- Born: 18 November 1873 Utica, New York, United States
- Died: 24 March 1942 (aged 68) Forest Hills, Queens, United States
- Known for: Inventor of Superpower steam

= William Edward Woodard =

American locomotive designer (1873–1942)

William Edward Woodard was an American locomotive designer, best known for being the vice president of engineering at Lima Locomotive Works and the inventor of Superpower steam.

== Early life ==
Woodard was born in Utica, New York to George E. and Louise Hayford Woodard.
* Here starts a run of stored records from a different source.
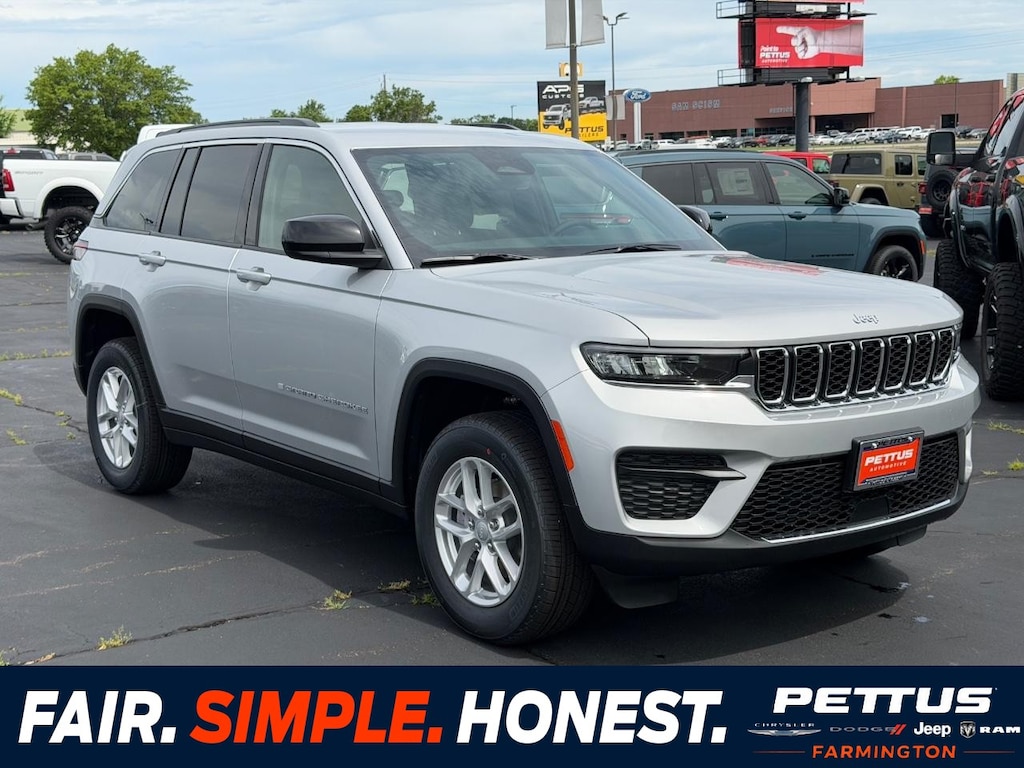 New 2026 Jeep Grand Cherokee Laredo 4x4 Sport Utility
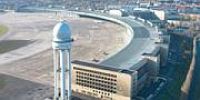 На последние дни работы берлинского аэропорта Tempelhof можно посмотреть с воздуха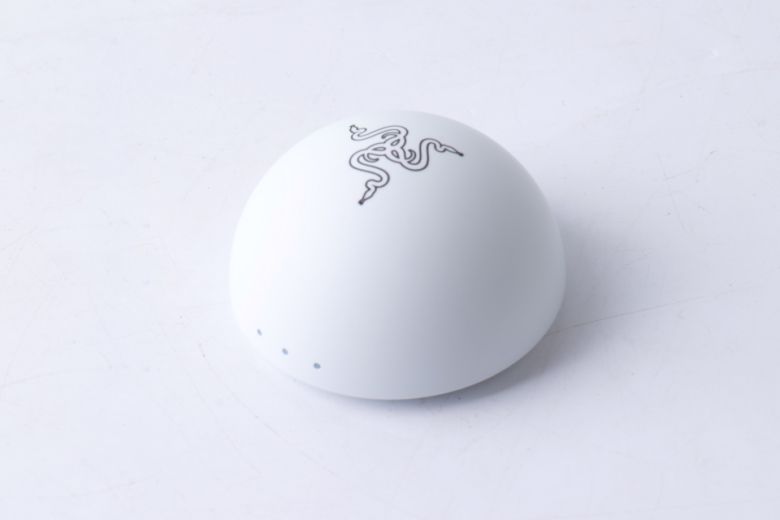 과거 동봉되던 사다리꼴 형태의 무선 동글과 달리 반구 형태의 레이저 하이퍼스피드 무선 2세대 동글이 제공된다.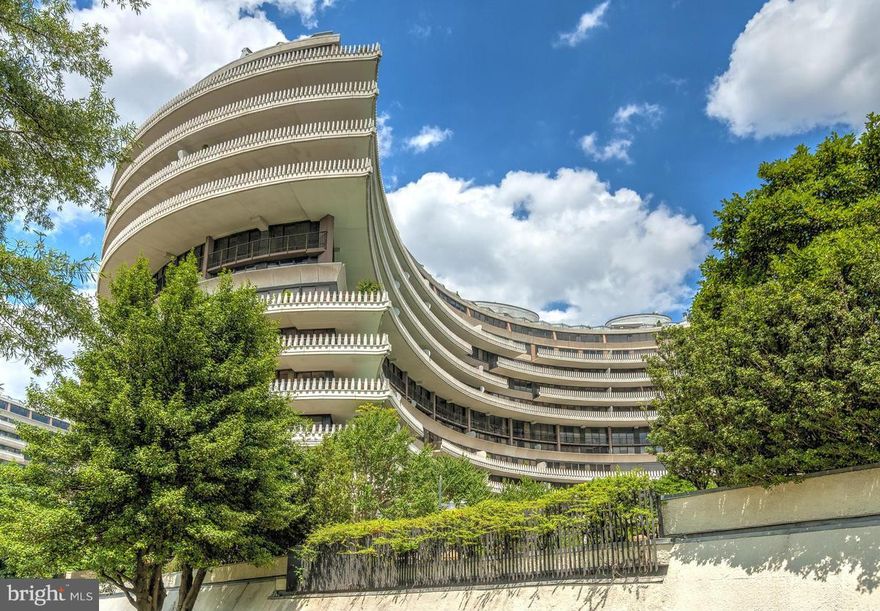 Extraordinary "On-The-Point" unit at Watergate South with 3,250 sf of interior space plus full wrap-around balcony.  Unit has been configured to allow for exceptional entertaining and living space while taking advantage of the spectacular views found from every floor-to-ceiling window.  Other features include custom wine bar with Lalique glass panels, wine storage, Siematic kitchen, 3 car pkg.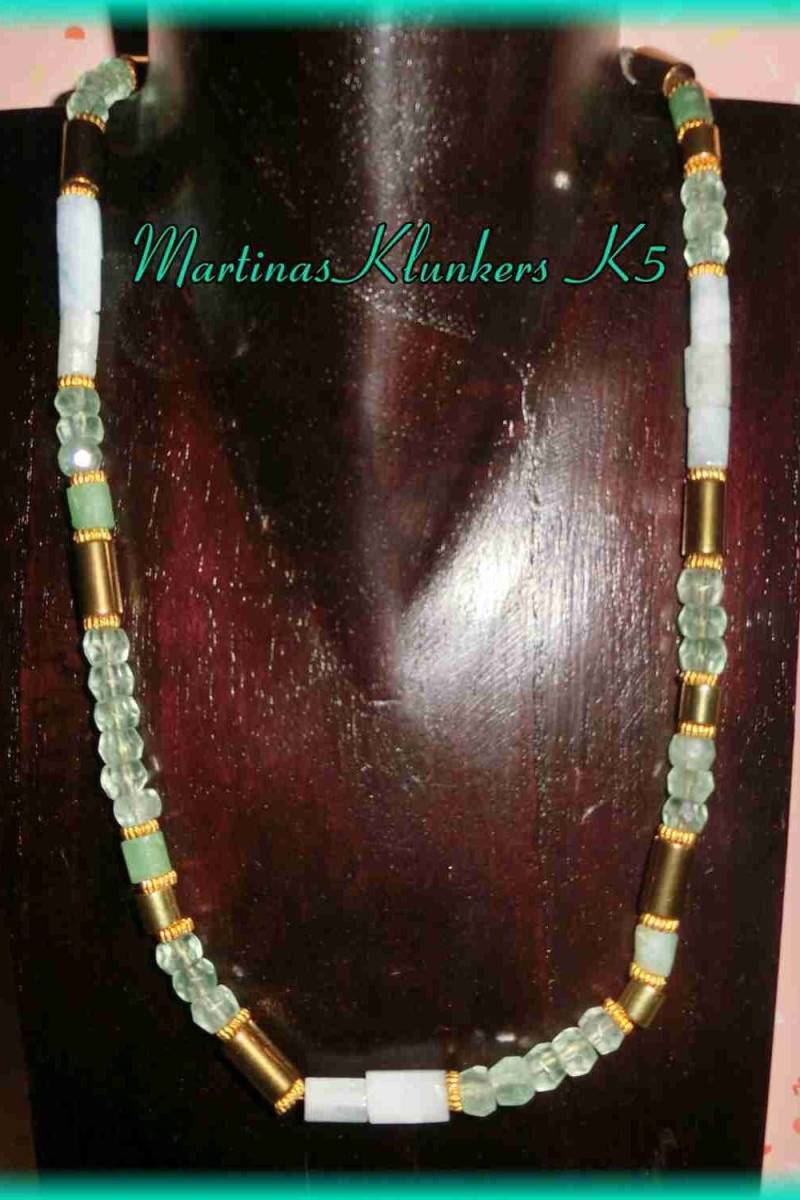 Edelstein-Halskette Fluorit-Aquamarin-Chrysopras-Mix | K5 von MartinasKlunkers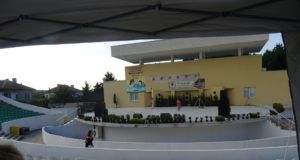 „Нека да е лято“ или как насила хубост не става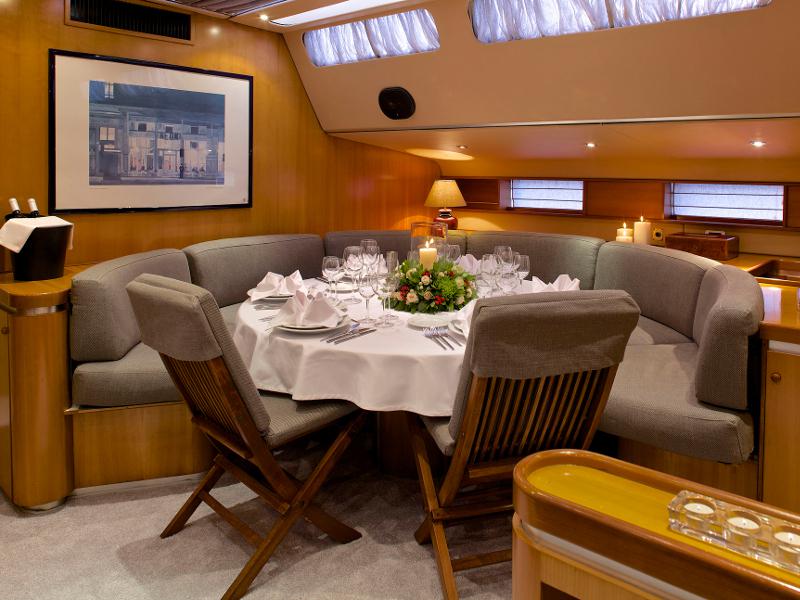 Book yachts online - sailboat - Dynamique - Amadeus - rent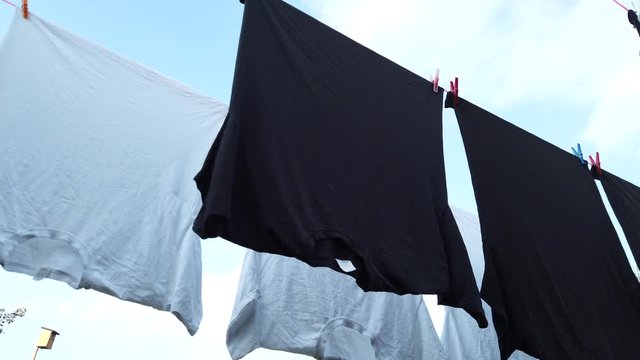 W&auml;sche im Sommer auf W&auml;scheleine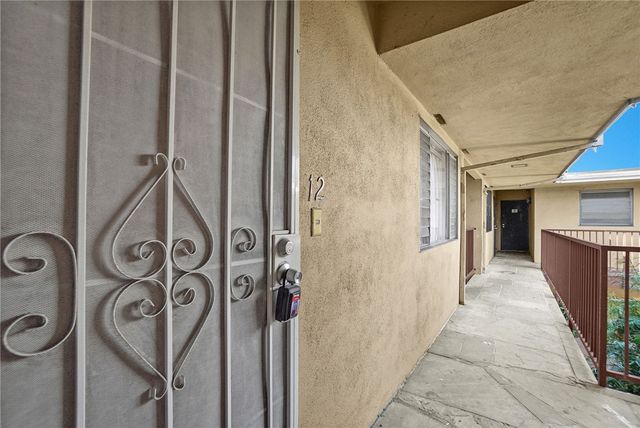 640 Elm Avenue 12, Long Beach, CA 90802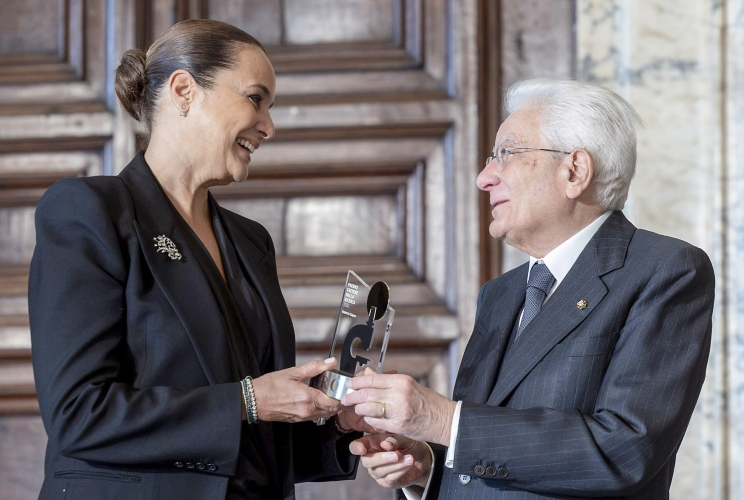 Il Presidente della Repubblica Sergio Mattarella consegna il Premio speciale AIRC “Credere nella Ricerca” a Roberta Capua, Ambasciatrice AIRC
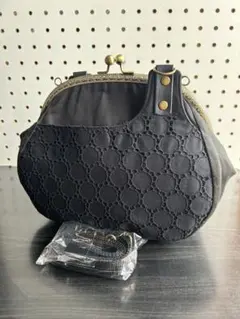 ＊ハンドメイド＊　25口金ショルダーがま口バッグ　刺繍ドットブラック内布ブラック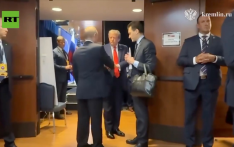 俄媒公布“普特会”幕后视频：特朗普与普京“轻松闲聊”，还与俄罗斯翻译握手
He graduated from Cornell University in Ithaca, New York with a degree in mechanical engineering.

== Career ==
He initially worked for Americas two biggest locomotives makers, Baldwin Locomotive Works in Philadelphia and American Locomotive Company in Schenectady, New York before joining Lima Locomotive Works in Lima, Ohio in 1919. At Lima works Woodard changed the steam era forever by inventing superpower steam. This was basically the enlargement of the firebox area, which let the train go faster and get greater tractive effort. His best known locomotive design is the 2-8-4 also known as Berkshires. He was designated a Modern Pioneer by the National Association of Manufacturers in 1940, and in the same year received the George R. Henderson Medal from the Franklin Institute, Philadelphia, for his accomplishments in locomotive engineering and his contributions to steam-locomotive design. He died on March 24, 1942 at the age of 77 in Forest Hills, Queens. He was survived by his wife Phoebe, one son, two daughters and eight grandchildren.

== In popular culture ==
One of Woodards locomotives, Pere Marquette 1225 was the inspiration for a young Chris Van Allsburg to write his 1985 childrens book The Polar Express. The locomotive was also used in the 2004 film adaptation.